- **What to produce**
The reply should contain every entry below exactly as written, with no images.

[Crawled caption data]

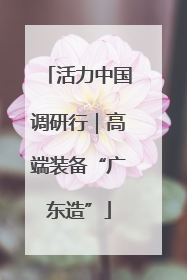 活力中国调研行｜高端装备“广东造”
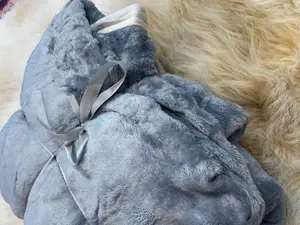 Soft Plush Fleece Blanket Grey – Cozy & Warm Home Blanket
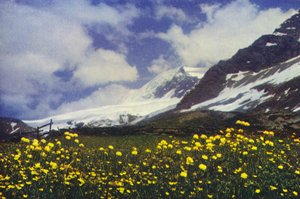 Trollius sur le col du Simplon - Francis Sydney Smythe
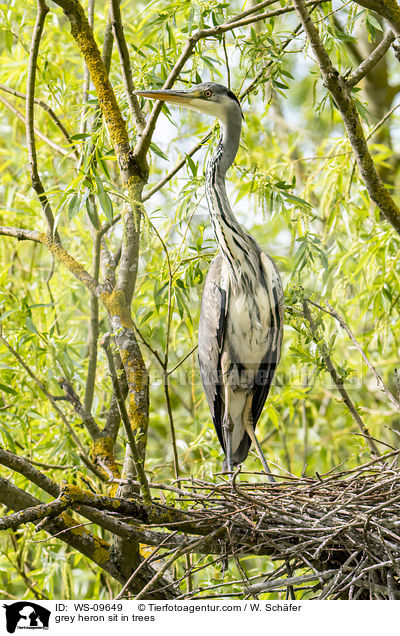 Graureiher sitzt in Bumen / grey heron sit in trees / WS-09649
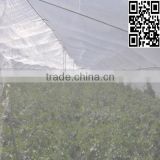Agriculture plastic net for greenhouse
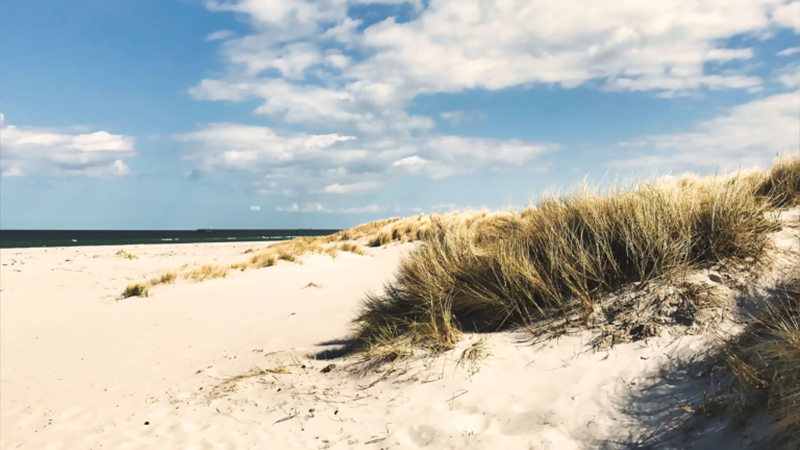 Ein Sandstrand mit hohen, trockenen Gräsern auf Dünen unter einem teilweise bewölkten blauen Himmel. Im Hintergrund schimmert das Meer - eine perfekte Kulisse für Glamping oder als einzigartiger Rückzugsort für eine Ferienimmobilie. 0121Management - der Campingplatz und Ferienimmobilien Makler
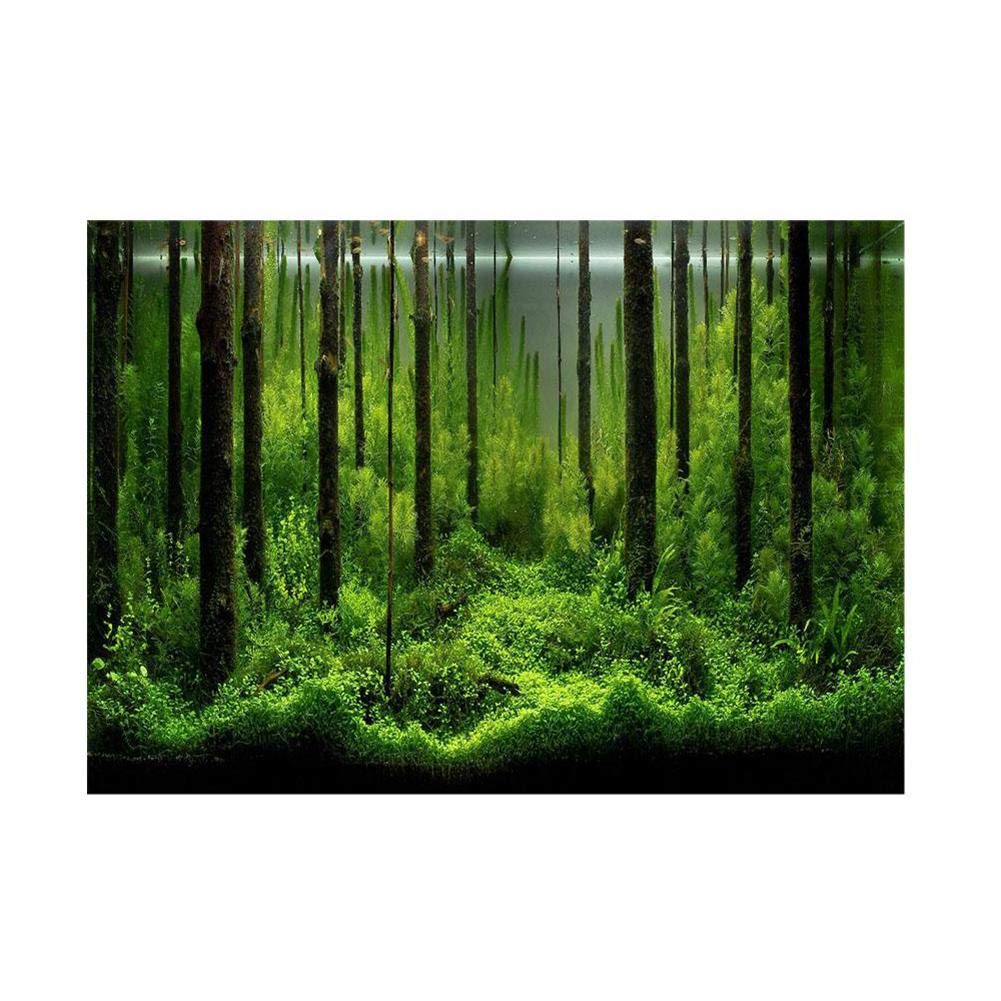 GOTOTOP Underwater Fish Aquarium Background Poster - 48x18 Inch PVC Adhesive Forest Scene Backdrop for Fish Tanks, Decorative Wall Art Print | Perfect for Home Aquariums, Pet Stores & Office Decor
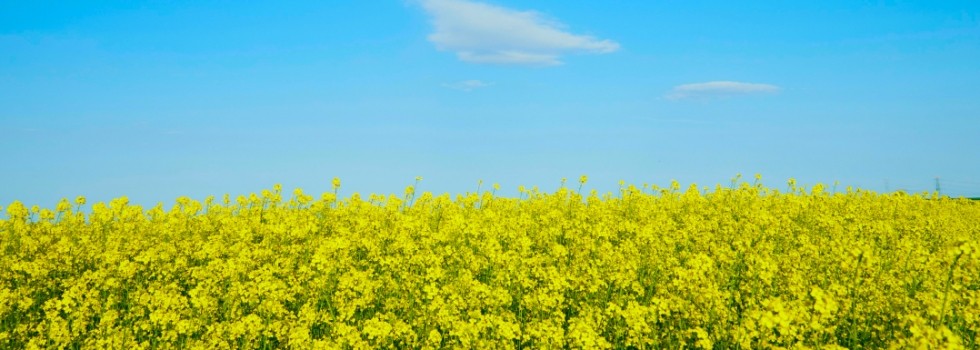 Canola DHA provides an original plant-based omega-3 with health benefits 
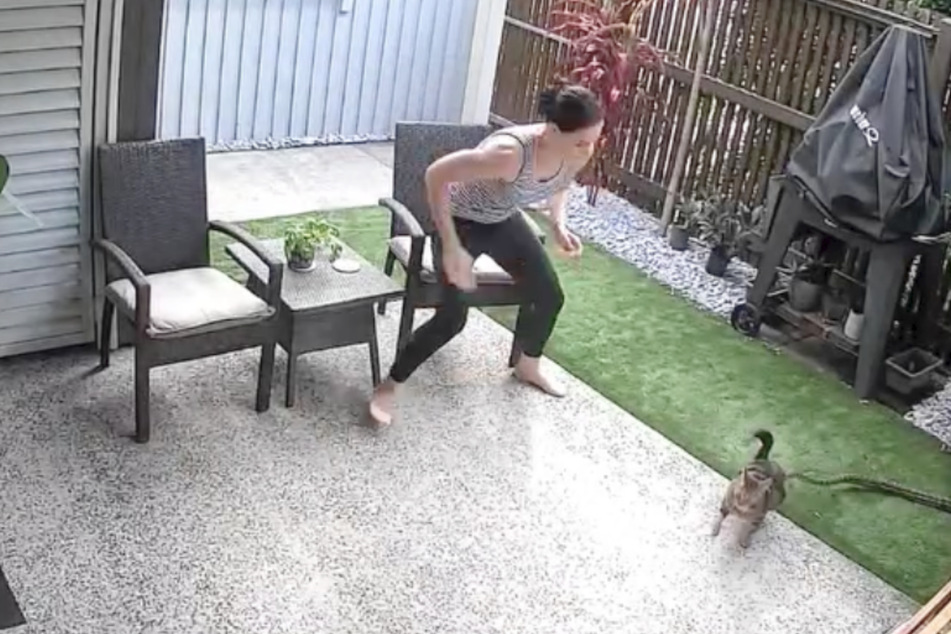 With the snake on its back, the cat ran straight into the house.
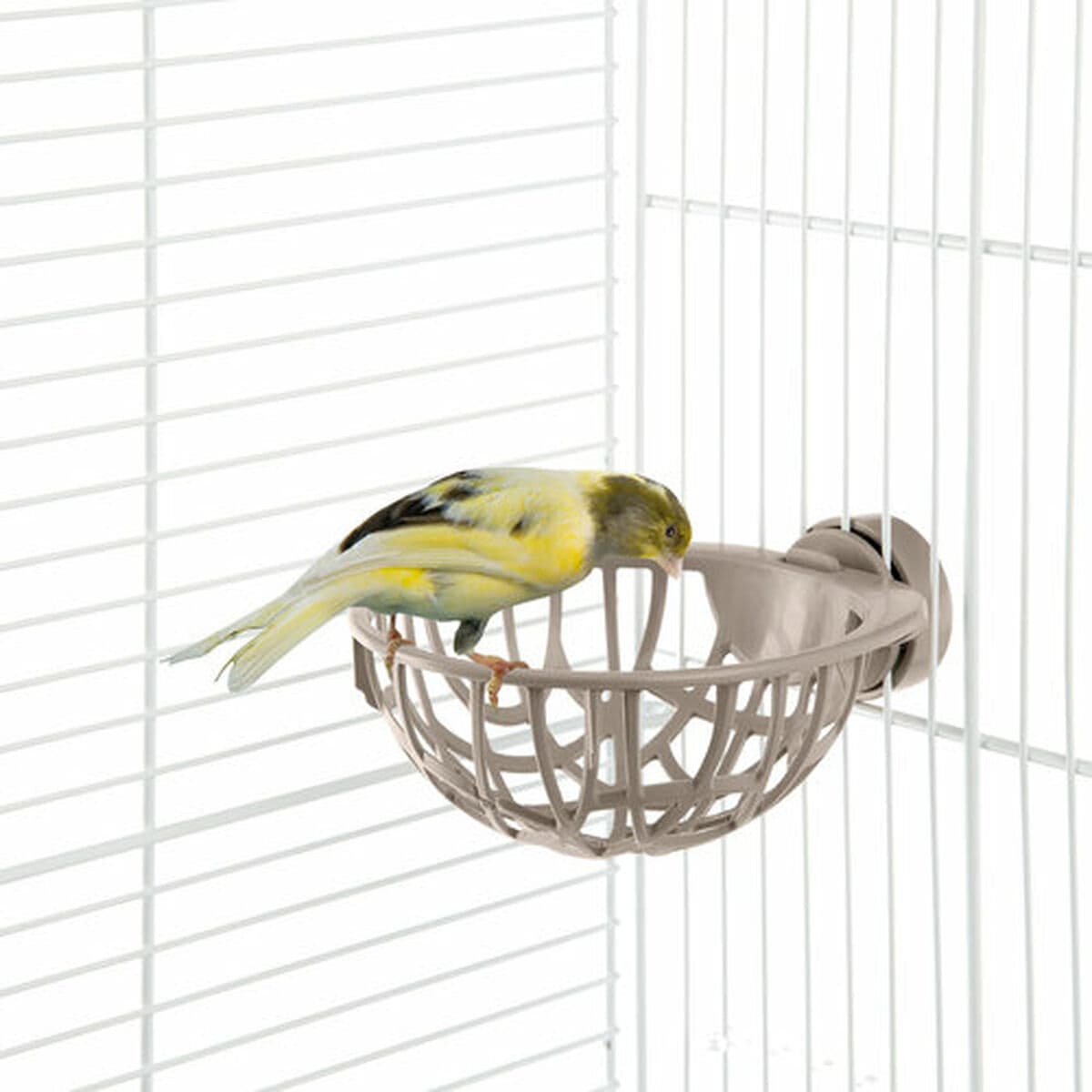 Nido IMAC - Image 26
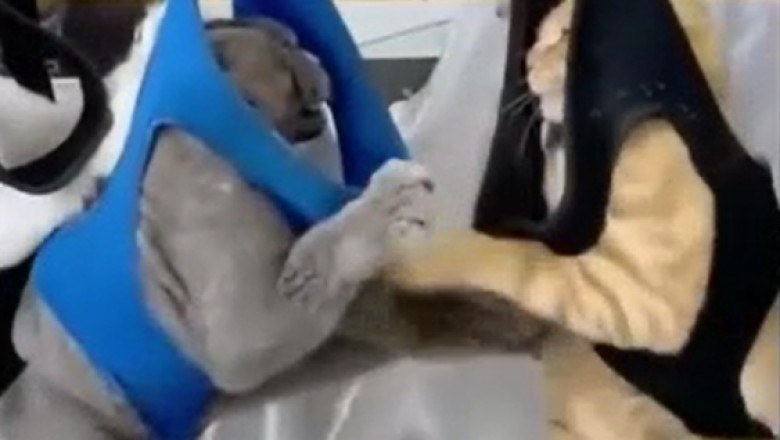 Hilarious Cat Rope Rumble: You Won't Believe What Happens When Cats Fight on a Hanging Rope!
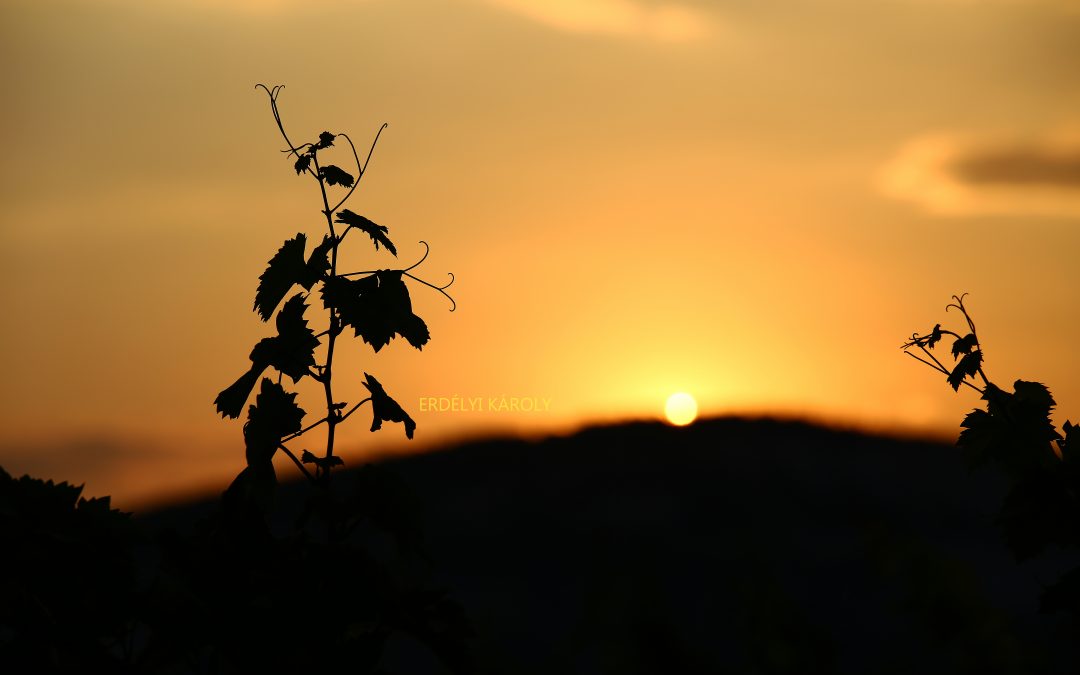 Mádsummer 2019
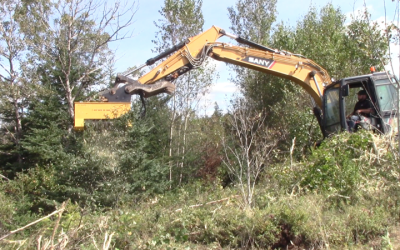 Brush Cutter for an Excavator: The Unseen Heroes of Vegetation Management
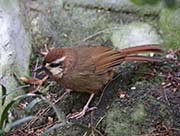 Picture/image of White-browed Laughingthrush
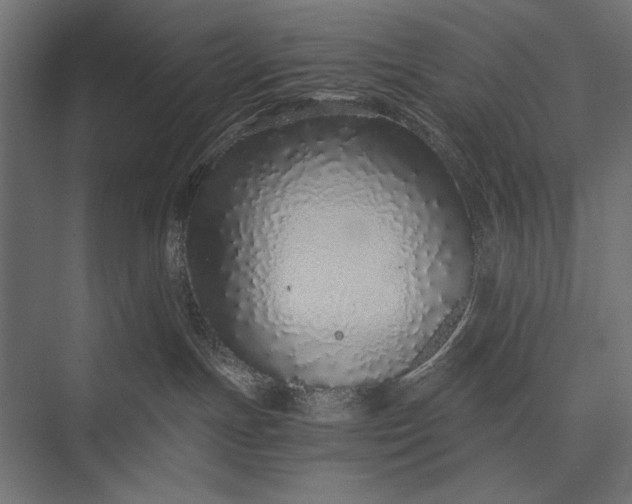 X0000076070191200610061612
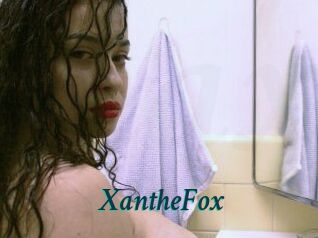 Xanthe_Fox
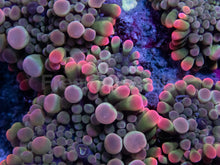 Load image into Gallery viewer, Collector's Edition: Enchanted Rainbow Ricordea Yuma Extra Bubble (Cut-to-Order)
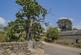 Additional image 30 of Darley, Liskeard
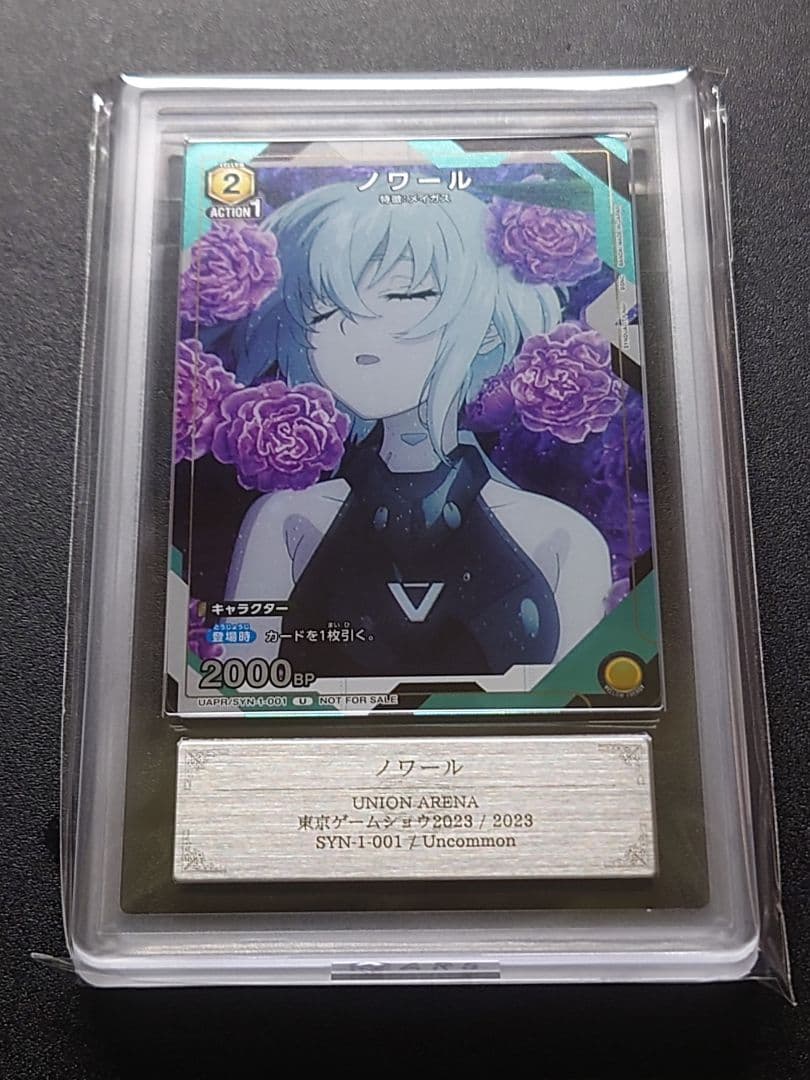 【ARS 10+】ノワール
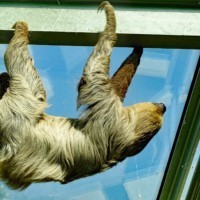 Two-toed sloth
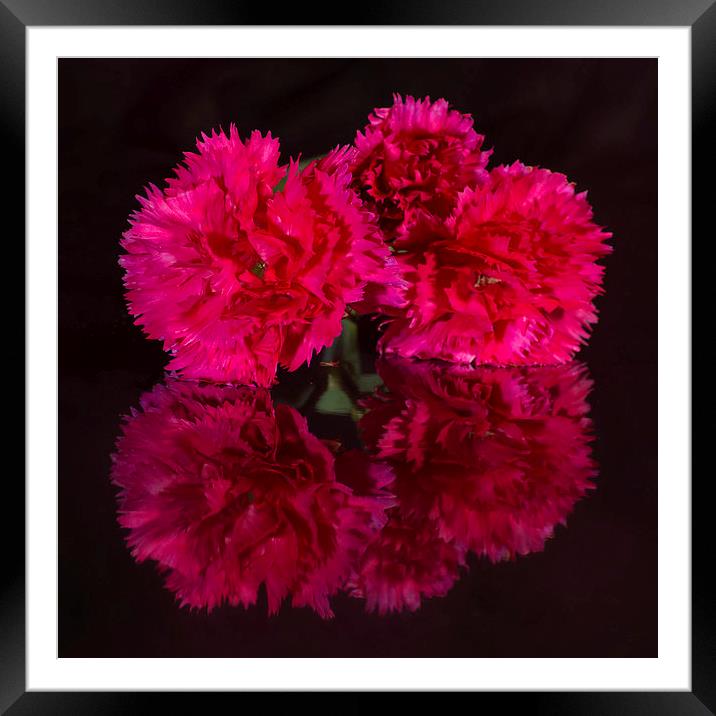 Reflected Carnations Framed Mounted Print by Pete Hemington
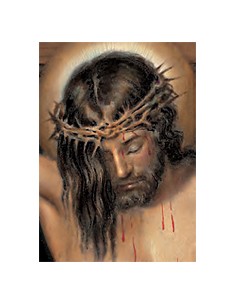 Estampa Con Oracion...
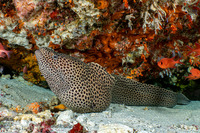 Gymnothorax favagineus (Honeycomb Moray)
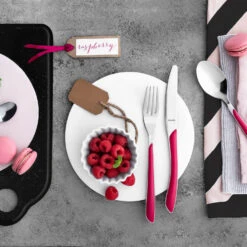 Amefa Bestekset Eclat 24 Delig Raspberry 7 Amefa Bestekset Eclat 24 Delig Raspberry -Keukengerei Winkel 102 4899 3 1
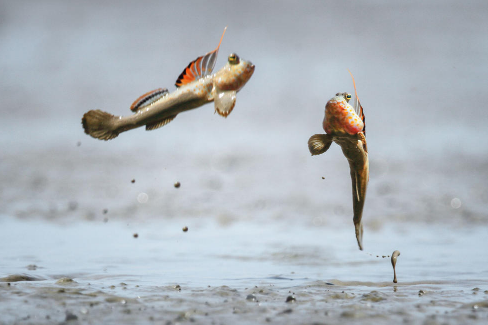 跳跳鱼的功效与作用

- **Task result**
 活力中国调研行｜高端装备“广东造”
 Soft Plush Fleece Blanket Grey – Cozy & Warm Home Blanket
 Trollius sur le col du Simplon - Francis Sydney Smythe
 Graureiher sitzt in Bumen / grey heron sit in trees / WS-09649
Agriculture plastic net for greenhouse
 Ein Sandstrand mit hohen, trockenen Gräsern auf Dünen unter einem teilweise bewölkten blauen Himmel. Im Hintergrund schimmert das Meer - eine perfekte Kulisse für Glamping oder als einzigartiger Rückzugsort für eine Ferienimmobilie. 0121Management - der Campingplatz und Ferienimmobilien Makler
 GOTOTOP Underwater Fish Aquarium Background Poster - 48x18 Inch PVC Adhesive Forest Scene Backdrop for Fish Tanks, Decorative Wall Art Print | Perfect for Home Aquariums, Pet Stores & Office Decor
 Canola DHA provides an original plant-based omega-3 with health benefits 
 With the snake on its back, the cat ran straight into the house.
 Nido IMAC - Image 26
 Hilarious Cat Rope Rumble: You Won't Believe What Happens When Cats Fight on a Hanging Rope!
 Mádsummer 2019
 Brush Cutter for an Excavator: The Unseen Heroes of Vegetation Management
 Picture/image of White-browed Laughingthrush
 X0000076070191200610061612
 Xanthe_Fox
 Load image into Gallery viewer, Collector's Edition: Enchanted Rainbow Ricordea Yuma Extra Bubble (Cut-to-Order)
 Additional image 30 of Darley, Liskeard
 【ARS 10+】ノワール
 Two-toed sloth
 Reflected Carnations Framed Mounted Print by Pete Hemington
 Estampa Con Oracion...
 Gymnothorax favagineus (Honeycomb Moray)
 Amefa Bestekset Eclat 24 Delig Raspberry 7 Amefa Bestekset Eclat 24 Delig Raspberry -Keukengerei Winkel 102 4899 3 1
 跳跳鱼的功效与作用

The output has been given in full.